At the same time, Serge says elsewhere in Memoirs that he believed ,
“That the formation of the Chekas was one of the greatest and most impermissible errors that the Bolshevik leaders committed in 1918, when plots, blockades, and interventions made them lose their heads. All evidence indicates that revolutionary tribunals, functioning in the light of day (without excluding secret sessions in particular cases) and admitting the right of defense, would have attained the same efficiency with far less abuse and depravity.” [“Cheka” is plural here because the organization had multiple branches that operated with relative independence.]

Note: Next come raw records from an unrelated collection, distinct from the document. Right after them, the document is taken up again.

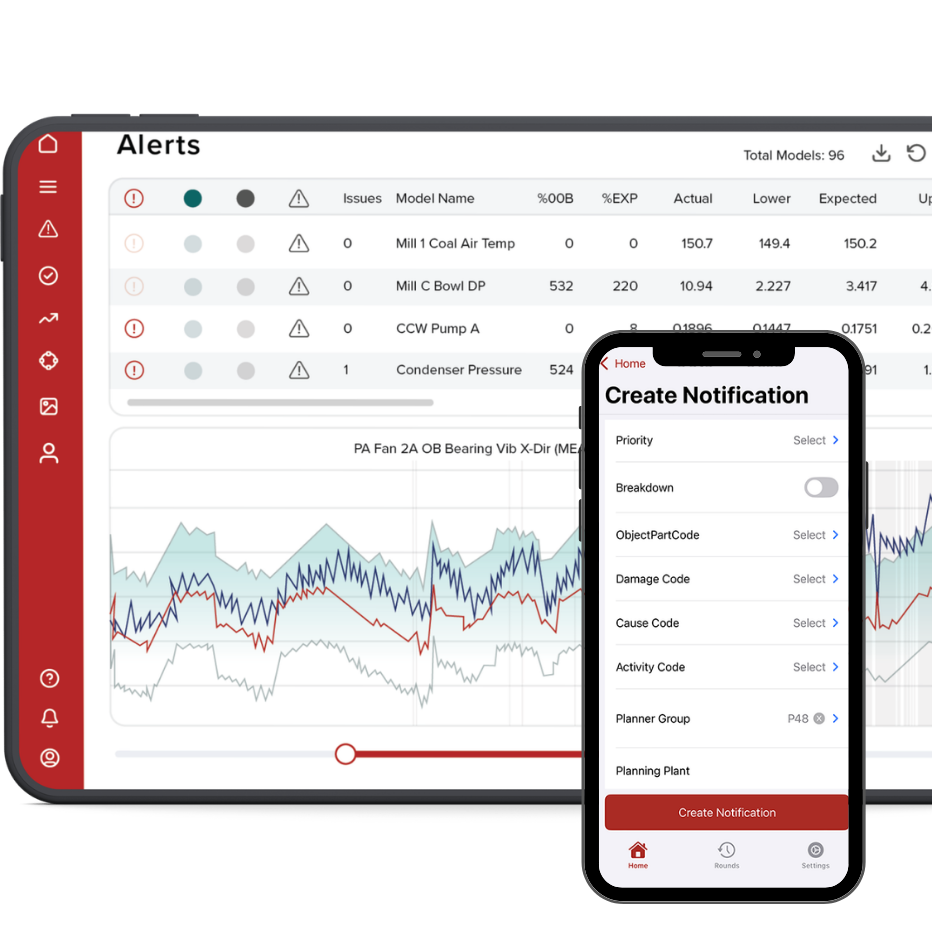 Diseño sin título (47)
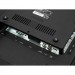 Vinga Телевізор Vinga L43FHD25B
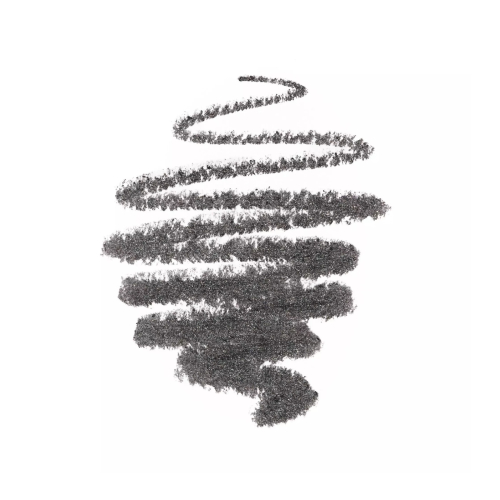 essence - Ombretto in stick Blend & Line - 05: Diamonds in the Sky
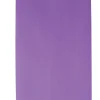 Sunworks® Construction Paper, Violet, 9” x 12”, Pack of 50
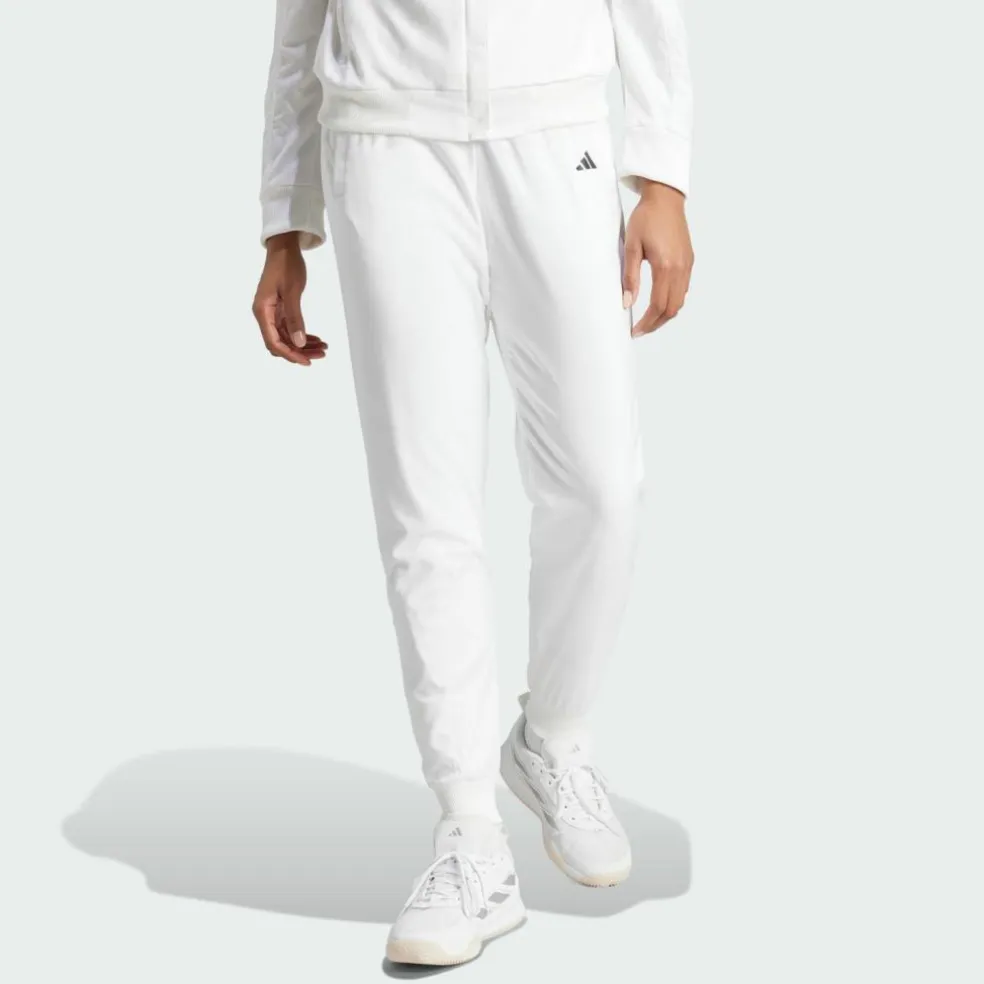 adidas · Tennis Walk-On Hose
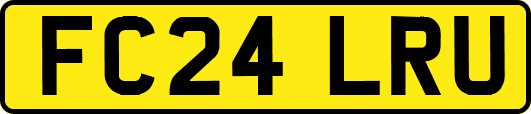 FC24LRU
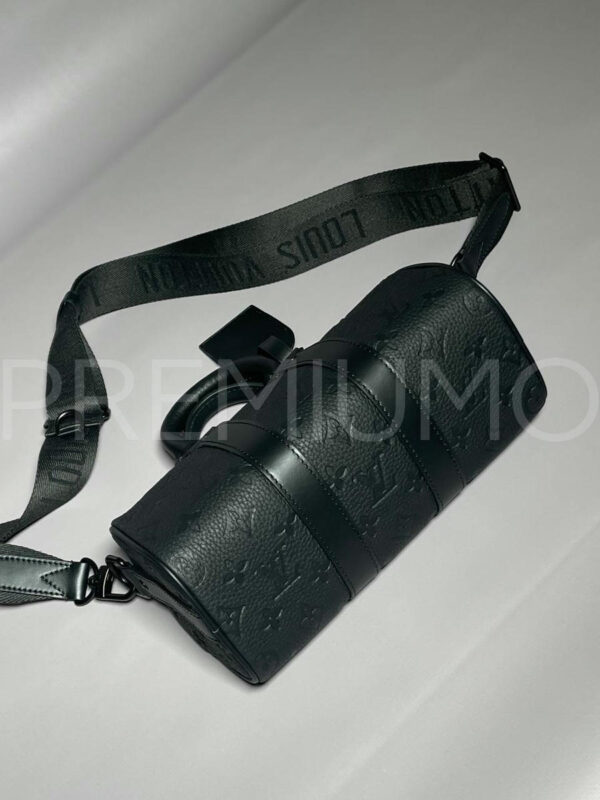 Louis Vuitton сумка PR898623 4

There exists a fear among many revolutionary socialists that by admitting the Russian revolutionaries’ shortcomings, we render a service to the global bourgeoisie and start to slip toward centrism and reformism. In fact, the opposite is the case. By meticulously separating truth from fiction, Serge renders an enormous service to revolutionary socialism. In short, Serge makes it possible to sort out those aspects of Bolshevism that serve a perspective of “socialism from below” and those which do not.
It was the honesty of Serge that won me to Leninist politics, and I feel that I cannot be alone in that. Serge showed that it was possible to be critical of specific aspects of Bolshevism while at the same time seeing this revolutionary collective’s overall contribution to socialist practice and thought as being indispensable to the cause of human liberation from below.
Seventy-five years may have passed since his death, but Serge’s legacy lives on. Serge remains, as the French novelist Francois Maspero remarked, “indispensable to anyone who does not wish to die an idiot.”